À Tianyuan, une localité située à plusieurs dizaines de kilomètres de Beijing, les montagnes, comme des bras protecteurs, hébergent une ferme intégrée séduisante. Elle est la parfaite illustration que la nature, exploitée à bon escient, peut faire preuve de générosité sans être blessée.
Il y a de ces paysages au charme apaisant, faisant même oublier le temps mis pour un voyage de plusieurs heures. Sur le chemin de Tianyuan (district Huai Rou, au nord-est de la province de Beijing (Pékin), le relief accidenté impose les lois de la hauteur à notre bus qui arpente prudemment, pendant deux heures, une route sinueuse. Partout, des arbustes vêtissent de leur verdure les montagnes, réussissant à négocier avec les rochers pour s’agripper aux flancs. Une harmonie de la nature couronnée par un ciel orné de quelques nuages. Comme si elle ne voulait pas décevoir, la météo se fait inviter dans ce calme par un temps doux, de loin plus clément que l’étuve de Pékin qui peut dépasser les 40 degrés.

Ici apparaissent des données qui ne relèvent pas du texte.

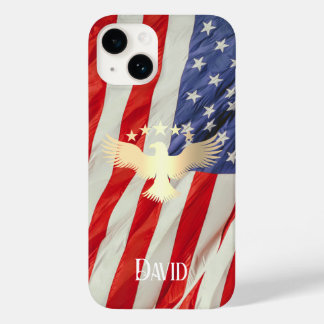 Patriottische Amerikaanse vlag Gold Eagle Aangepas Case-Mate iPhone 14 Hoesje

Loin de l’agitation de la grande capitale, avec plus de 21 millions d’habitants, une partie de la Grande muraille de Chine serpente le paysage avec ses miradors. Non loin de ce rempart médiéval contre les envahisseurs de Chine, dans une vallée arrosée par la rivière Huai Jin, niche discrètement la ferme piscicole de Tianyuan. Dans ses nombreux étangs et au milieu d’un concert strident de grillons qui rivalisent avec le bruit des pompes, nage un trésor : des truites dorées et noires très prisées. Elles viennent principalement des États-Unis ou de la Corée du Nord. Les rayons de soleil font scintiller leurs couleurs dans l’eau. Plus on avance, plus les poissons sont gros.
Un esturgeon de 30 ans À chaque battement de nageoires, les alevins qui ouvrent la marche se rapprochent de l’assiette des humains ; ils sont simplement revendus quand ils pèsent un demi à un kilogramme, selon la responsable de la ferme, Zhang Xiaoyu. Le kilogramme de ces poissons peut coûter jusqu’à 15 euros (près de 10.000 FCfa). Mais, il leur faut du temps pour grandir. « Leur élevage prend beaucoup de temps. Il ne faut pas trop les nourrir pour éviter qu’ils aient des problèmes de digestion et tombent malades. Ici, on nourrit les poissons une fois par jour pour préserver leur bonne santé. Leurs aliments sont importés du Danemark. La température du bassin ne doit pas dépasser 25 degrés non plus », insiste la responsable de la ferme.
Le monde aquatique étant très sensible, il est vital d’assurer une bonne qualité de l’eau à ces poissons en faisant un bon dosage entre celle de la rivière et celle des étangs. Un point tellement sensible que la ferme qui compte une trentaine d’employés a investi deux millions de yuans (environ 156 millions de FCfa) pour acquérir un système de traitement d’eau doté de deux barrages pour le contrôle du débit. Ce système circulaire, nous explique-t-on, permet de réutiliser la ressource prélevée à partir de la rivière Huai Jin, l’une des « rivières nourricières » de Pékin. L’élevage et la vente d’alevins assurent l’essentiel des revenus de la ferme, pouvant rapporter jusqu’à 4,5 millions de yuans (environ 351 millions de FCfa) par an. L’établissement a des clients chinois dont certains exportent les petits poissons vers le Viêtnam.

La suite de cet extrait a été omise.